# PROBLEM TO SOLVE
Please set down only the lines running from the one with "73 E 47th Street Hialeah FL 33013" through the last line of the entries, exactly as written and without any pictures.

START DATA FOR ANALYSIS

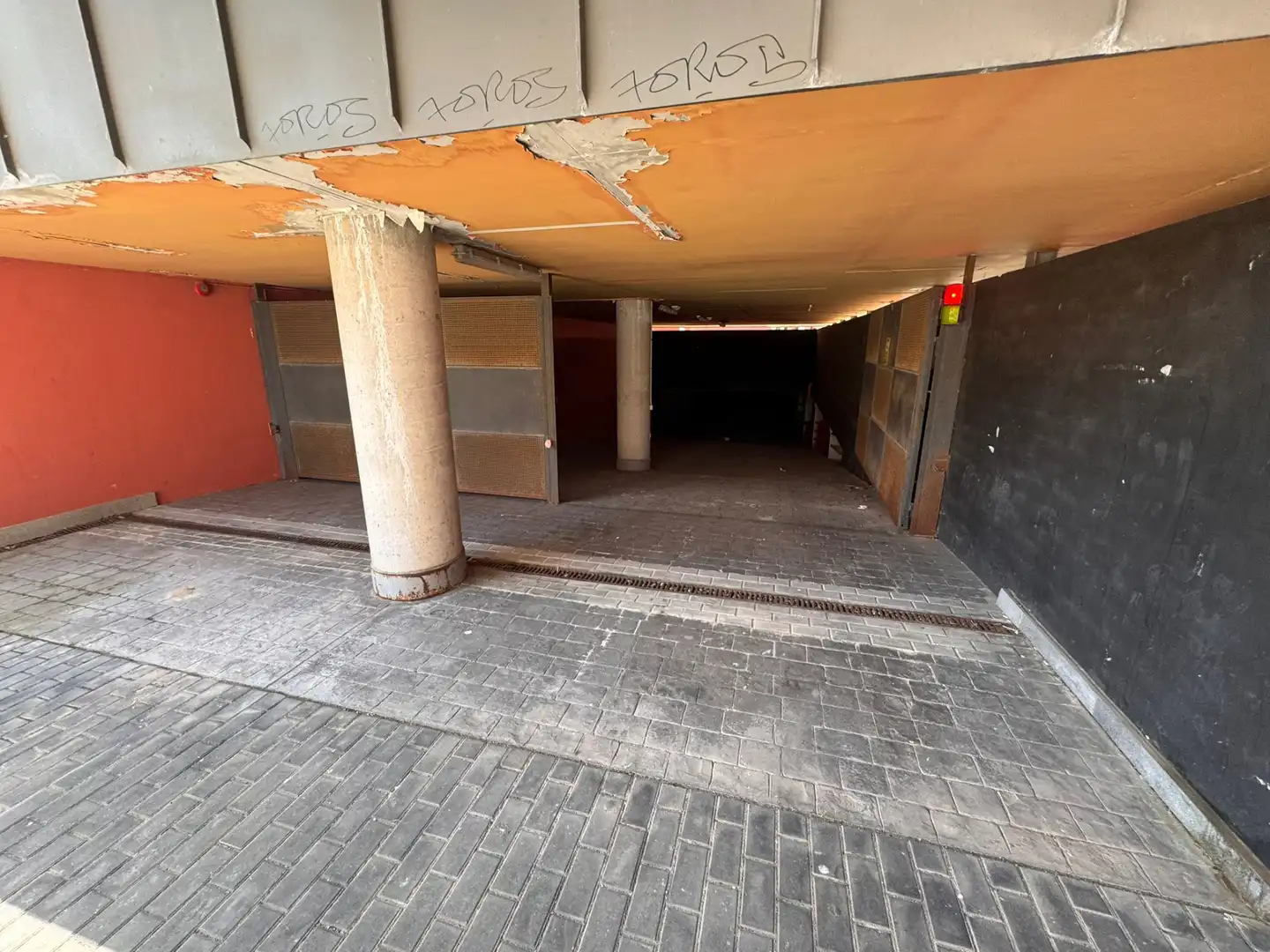 Parkplatz von Garage zum Verkauf in Burgos mit Alarm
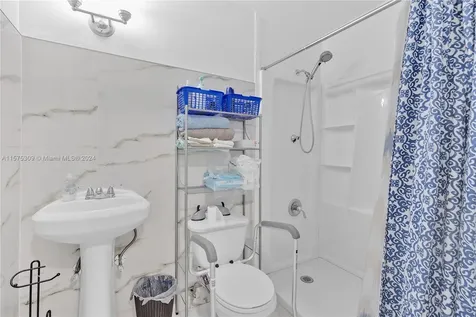 73 E 47th Street Hialeah FL 33013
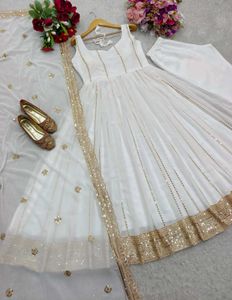 🆕️🆕️FOX GEORGETTE GOWN WITH PANT &amp; DUPATTA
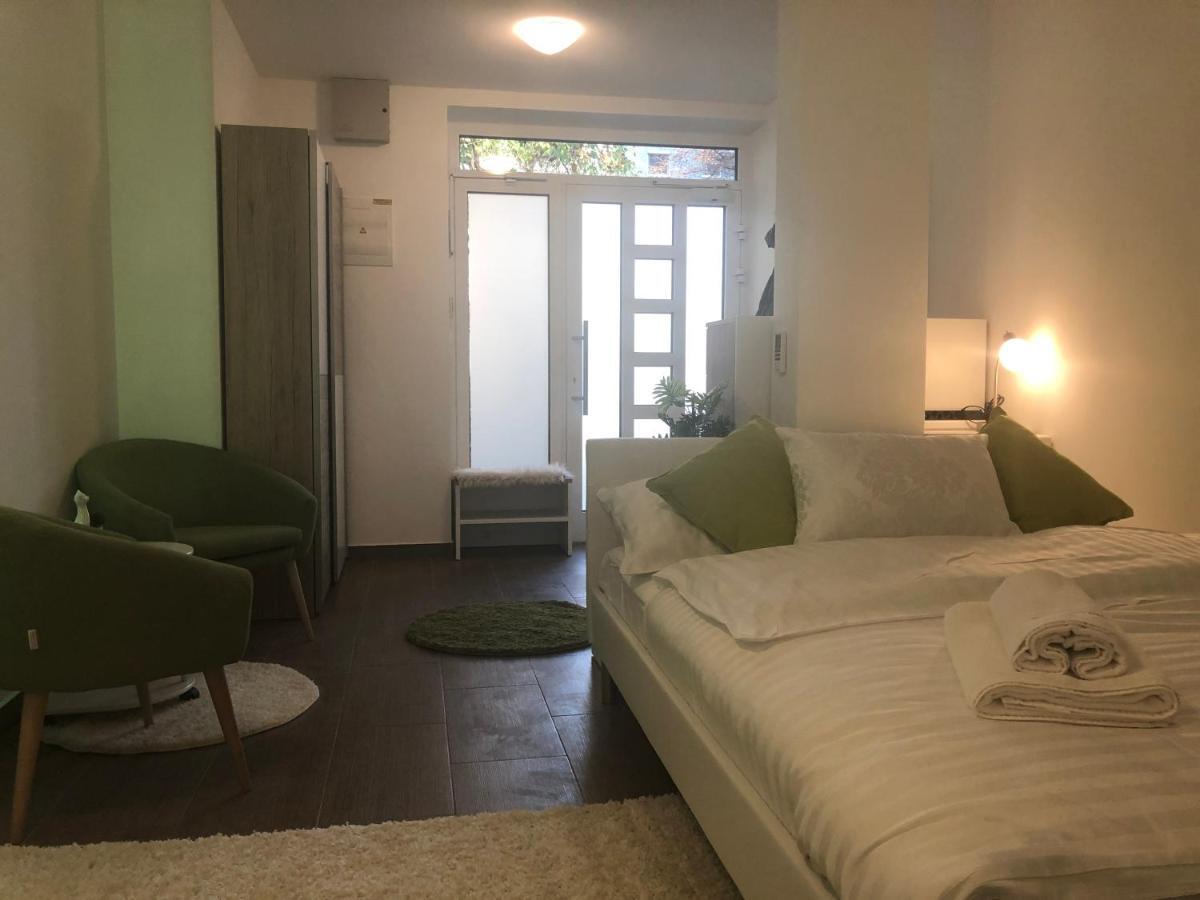 Appartement Luxury Central Studio Under The Castle à Ljubljana Extérieur photo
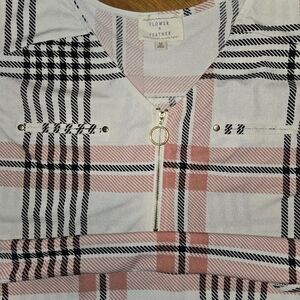 Flower Feather‎ Plaid Zipper Blouse - Pink and Black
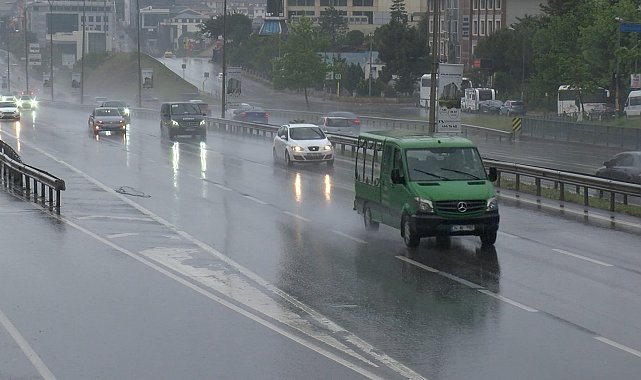 İstanbul - İstanbul'da yağış aralıklarla etkisini sürdürüyor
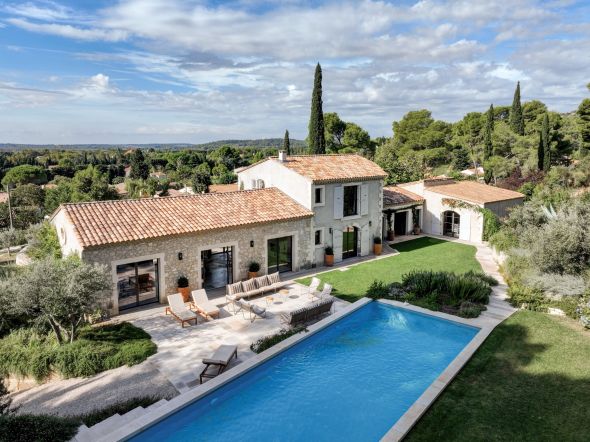 Sale House Maussane-les-Alpilles 12&nbsp;Rooms 365&nbsp;m²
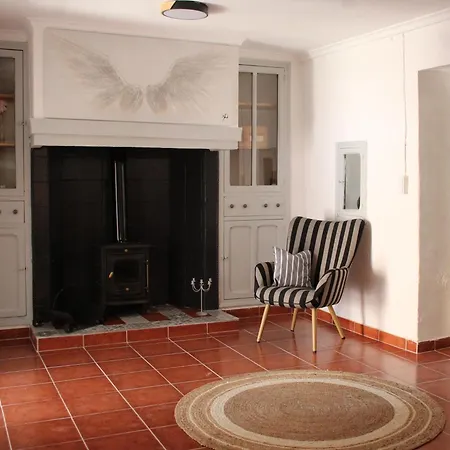 Casa Rustica Y Tranquila En Holiday home Zarra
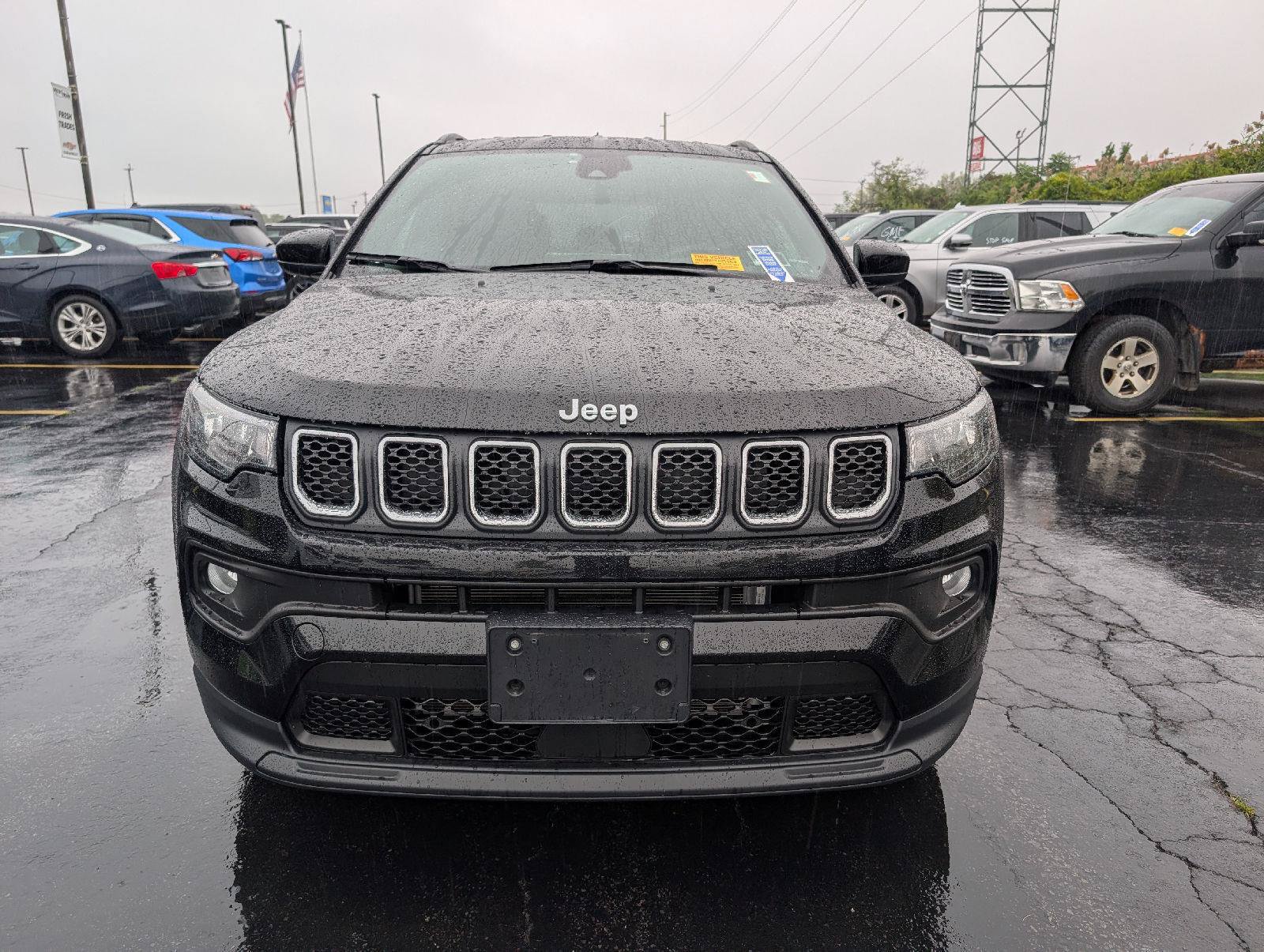 Used 2023 Jeep Compass Latitude w/ Convenience Group AWD/4WD image 2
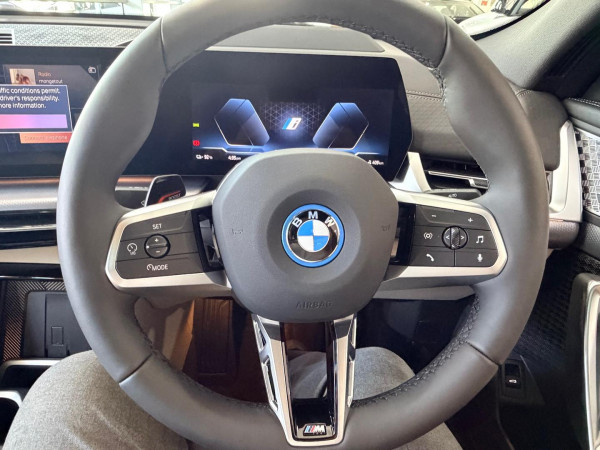 2025 BMW iX2 U10 eDrive20 M Sport SUV image 15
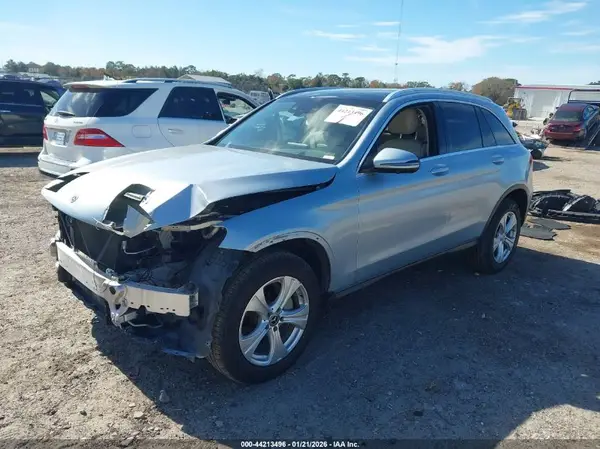 WDC0G4JBXHV006691 2017 MERCEDES-BENZ GLC - Image 2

END DATA FOR ANALYSIS

# ANSWER TO THIS PROBLEM
 73 E 47th Street Hialeah FL 33013
 🆕️🆕️FOX GEORGETTE GOWN WITH PANT &amp; DUPATTA
 Appartement Luxury Central Studio Under The Castle à Ljubljana Extérieur photo
 Flower Feather‎ Plaid Zipper Blouse - Pink and Black
 İstanbul - İstanbul'da yağış aralıklarla etkisini sürdürüyor
 Sale House Maussane-les-Alpilles 12&nbsp;Rooms 365&nbsp;m²
 Casa Rustica Y Tranquila En Holiday home Zarra
 Used 2023 Jeep Compass Latitude w/ Convenience Group AWD/4WD image 2
 2025 BMW iX2 U10 eDrive20 M Sport SUV image 15
 WDC0G4JBXHV006691 2017 MERCEDES-BENZ GLC - Image 2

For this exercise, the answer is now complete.